This article will focus on the formats of JPEG, GIF and PNG, as well as two other, more modern formats. Most web developers learn to use this or that format by trial and error, while earning valuable experience. However, almost no one understands exactly how each of these formats works.
The material in this article will help you navigate what compression algorithms each of these extensions are using, and understand what types of images each of these formats is suitable for.
This format has passed the test of time, since it appeared in 1992. Compression of this format is as follows. First, the image from the RGB color space (from English “red”, “green” and “blue”) is converted to a YUV space, which is based on the brightness and chroma characteristics; This space is closest to how a person perceives colors. Then the image is divided into 8×8 pixel blocks, and each block is decomposed into color components, the frequency of which is then calculated. Speaking from the point of view of mathematics, it turns out that such a compression carries the image from the spatial domain to the frequency domain.
In a sense, such a compression allows you to discard some information about brightness and colors. What part of the information will be removed directly depends on the quality of the image that you want to get in the end.
From this we can conclude that the best format is suitable for compressing halftone images: images with a huge number of colors and soft transitions between them. In other words, JPEG implies that your image will somehow resemble a photo.
But for images with sharp edges and detailed textures, JPEG, on the contrary, does not work: clear faces will be erased, and the image as a whole will be blurred.
Below you can see an example of JPEG images:
At the dawn of the Internet, if the image was not a JPEG format, then it was a GIF format. GIF uses the LZW algorithm (Lempel-Ziv-Welch – Lempel-Ziva-Velcha algorithm) for compression, which is much simpler than JPEG compression technology. In fact, this algorithm scans the image data and creates a short code for those sections that are repeated. Therefore, GIF is suitable for compressing images that consist of identical or repeating parts. These are images with clear shapes that have only a few colors with sharp boundaries between them. It is these images that can be compressed with GIF most efficiently and without loss.
Despite the fact that GIF is a fairly simple format, it has a couple of interesting characteristics – it’s transparency and animation.
But to compress images with a variety of shades, GIF does not work: this format supports only 8-bit color, that is, a maximum of 256 colors in one image. So if you decide to compress with the help of GIF image with a wide color palette, you can eventually get a posterized image with a significant drop in the depth of color, which will look awful.
Example of images in GIF format:
Summarizing, it can be noted that JPEG and GIF have their strengths and weaknesses. During the inception of the Internet, these were the main formats used. However, later some enthusiasts decided to try to create a new format for image compression without loss.
The development of PNG began in 1995, and a year later it could be used as a fully-fledged network format.
Since PNG was conceived as a replacement for the GIF format, it significantly exceeds its predecessor in its capabilities. For example, PNG has the following advantages:
- No restriction in 256 colors;
- Support for the alpha channel (thanks to this, the effect of partial transparency is achieved);
- Excellent compression (in all cases with rare exceptions).

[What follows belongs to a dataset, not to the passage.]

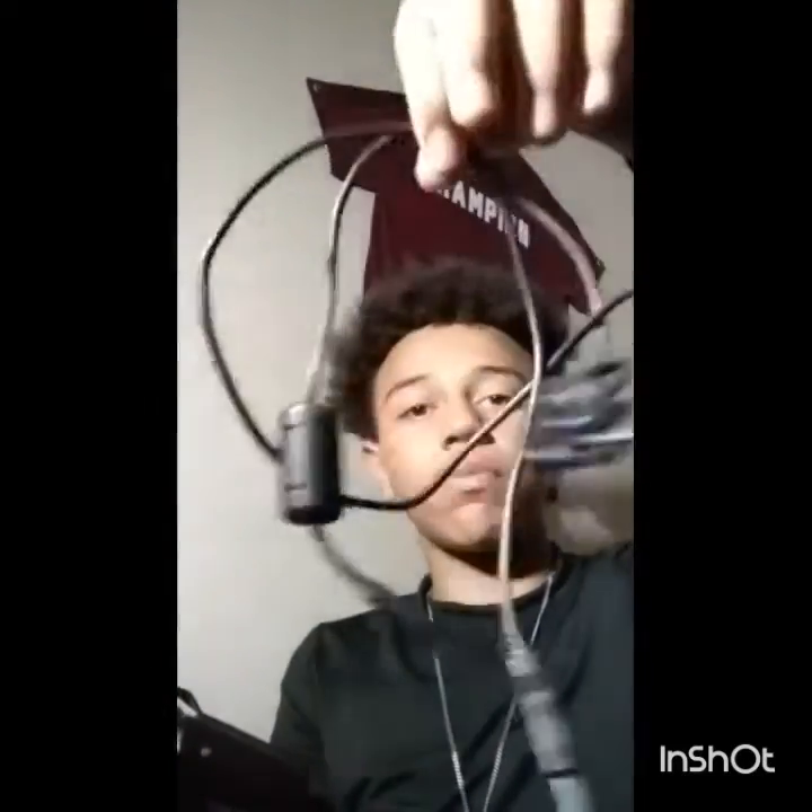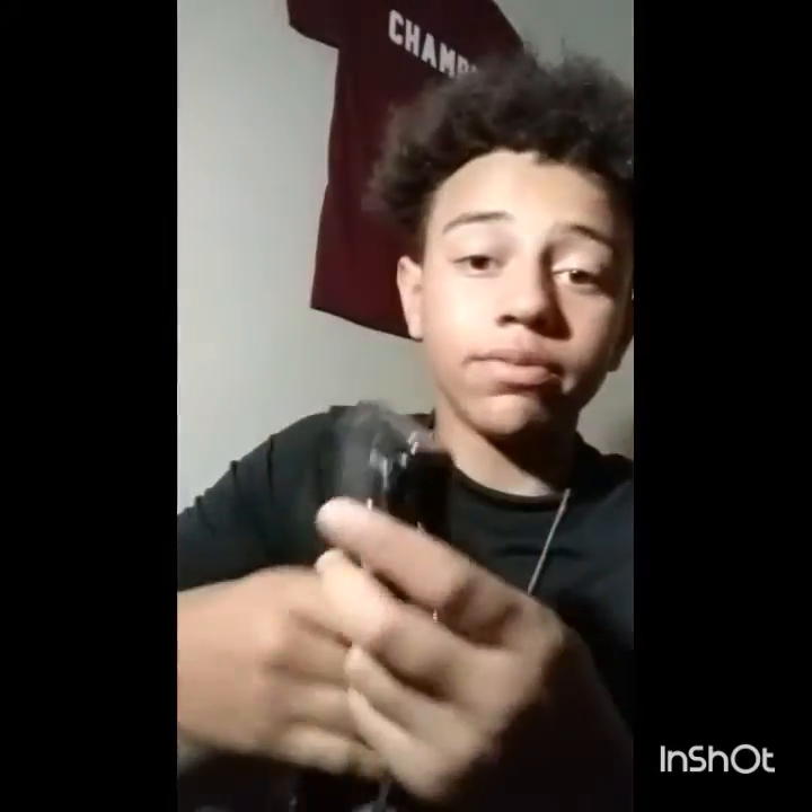This is the cord I use to edit — to connect it and transfer my videos. If you guys know what I'm talking about, you'll recognize it. It's a little junky though. This camera is really old — my dad gave it to me, which is why the quality isn't too good.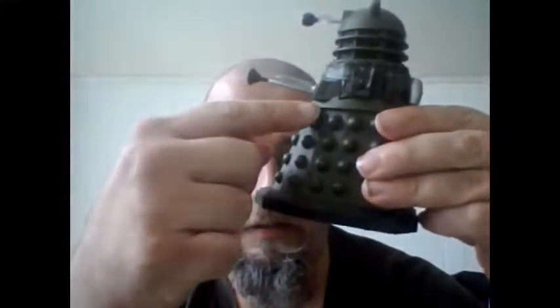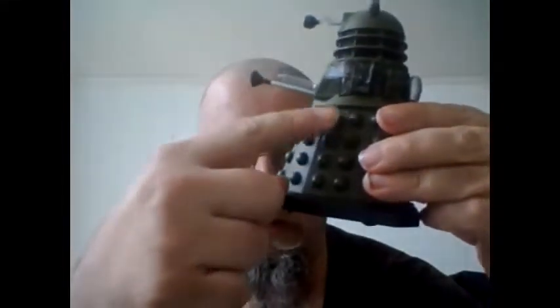Or at least getting some of the parts ready. What we're going to do is start with what would be called the Dalek Bumps. To show on the little guy here, all these little things right here.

See how well PNG compresses a multi-colored translucent image, you can lower it:
So why does PNG compress images better than GIF? This is due to new compression algorithms.
In particular, using string filtering, PNG gets much more convenient data for compression: there are 5 different prediction filters, the values of each of which are selected in such a way that the total weight of the image is the smallest. PNG assumes that the adjacent pixels are similar, and if this is the case, PNG saves the data by recording the difference between the predicted value and the actual value.
Thus, the PNG format, for example, effectively squeezes vertical single-color areas (while GIF compresses only horizontal areas).
However, going back to the beginning of the article, it should be noted that in the case of PNG photos, it behaves better than GIF, but still worse than JPEG.
JPEG, GIF and PNG are common and universal formats that web developers can use everywhere. However, new formats of images appear, which also have interesting features.
This format appeared in 2010, it was created by the corporation Google. WebP uses the WebM multimedia format architecture.
The compression algorithm is similar to the one that uses PNG: one of the sixteen existing prediction strategies is applied to each block. Thanks to this, flexibility is achieved in storing images, both graphic and photographic.
Since this format belongs to Google, at the moment it is supported only by Chrome and Opera.
JPEG-XR was developed by Microsoft. Like all similar formats of the new time, JPEG-XR has significant compression advantages over the traditional JPEG format:
- Lossless compression;
- More productive compression with losses;
- Support for an alpha channel with partial transparency.
As in the case of WebP, JPEG-XR is a more complex, efficient and less supported format than its predecessors. At the moment, JPEG-XR is supported only by Internet Explorer and Edge.
Using Future Formats Today
Despite the fact that new formats are not yet supported by all browsers, you can use them on your site right now.
The new version of the markup language allows web developers to post the same image in several formats in order for browsers to decide which to upload. The code will look like this:
alt=”A beautiful sun” />
Another way to display different images for different visitors is to make sure that the client side rather than the server part is responsible for information output. In this case, different pictures will be shown to different users at the same address.